En ce moment, on vint dire à Pierre Munier qu'un nègre qui avait combattu sous lui et qui avait reçu une blessure mortelle, ayant été transporté dans une maison du port, et se sentant sur le point d'expirer, demandait à le voir. Pierre Munier regarda autour de lui, cherchant Jacques, afin de lui confier son drapeau; mais Jacques avait retrouvé son ami le chien malgache, qui, à son tour, était venu lui faire ses compliments comme les autres; il avait posé son fusil à terre, et l'enfant, reprenant le dessus sur le jeune homme, il se roulait à cinquante pas de là avec lui. Georges vit l'embarras de son père, et, tendant la main:

—Donnez-le-moi, mon père, dit-il; moi, je vous le garderai.

Pierre Munier sourit, et, comme il ne croyait pas que personne osât toucher au glorieux trophée sur lequel lui seul avait des droits, il embrassa Georges au front, lui remit le drapeau, que l'enfant maintint debout à grand-peine, en le fixant de ses deux mains sur sa poitrine, et s'élança vers la maison, où l'agonie d'un de ses braves volontaires réclamait sa présence.

Georges demeura seul; mais l'enfant sentait instinctivement que, pour être seul, il n'était point isolé: la gloire paternelle veillait sur lui, et, l'œil rayonnant d'orgueil, il promena son regard sur la foule qui l'entourait; ce regard heureux et brillant rencontra alors celui de l'enfant au col brodé, et devint dédaigneux.
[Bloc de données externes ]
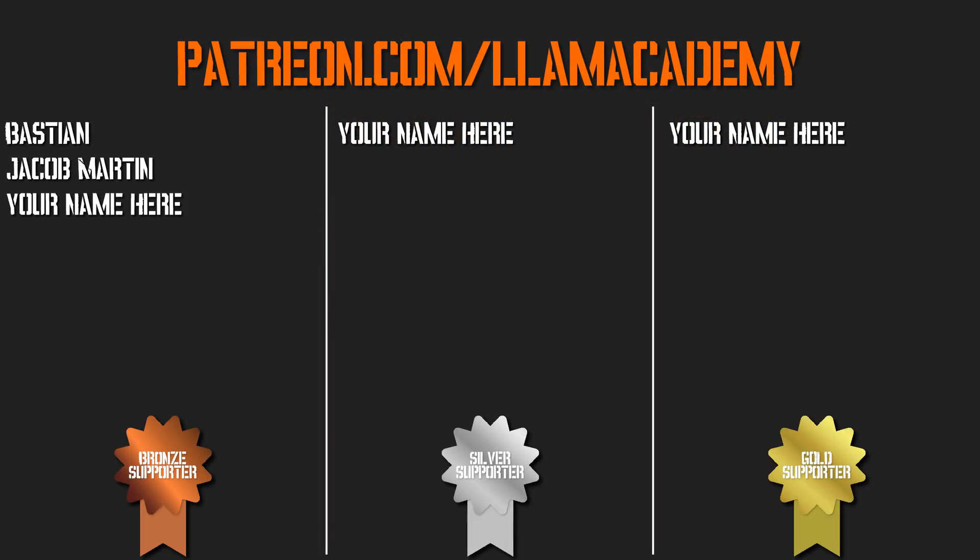Before we go any further, I just want to give a huge shout out to everyone who's supporting me on Patreon right now. I really appreciate it. Every bit helps the channel grow, reach more people, add value to more people. If you want to help me in that cause, you can show your support on Patreon at patreon.com/llamacademy. You can get your name up on the screen, you can get a voice shout out, and some other cool perks.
Celui-ci, de son côté, contemplait envieusement Georges, et se demandait sans doute à son tour pourquoi son père, lui aussi, n'avait pas enlevé un drapeau. Cette interrogation l'amena sans doute tout naturellement à se dire que, faute d'un drapeau à soi, il fallait accaparer celui d'autrui. Car, s'étant approché cavalièrement de Georges, qui, bien qu'il vît son intention hostile, ne fit pas un pas en arrière:

—Donne-moi ça, lui dit-il.

—Qu'est-ce que c'est que ça? demanda Georges.

—Ce drapeau, reprit Henri.

—Ce drapeau n'est pas à toi. Ce drapeau est à mon père.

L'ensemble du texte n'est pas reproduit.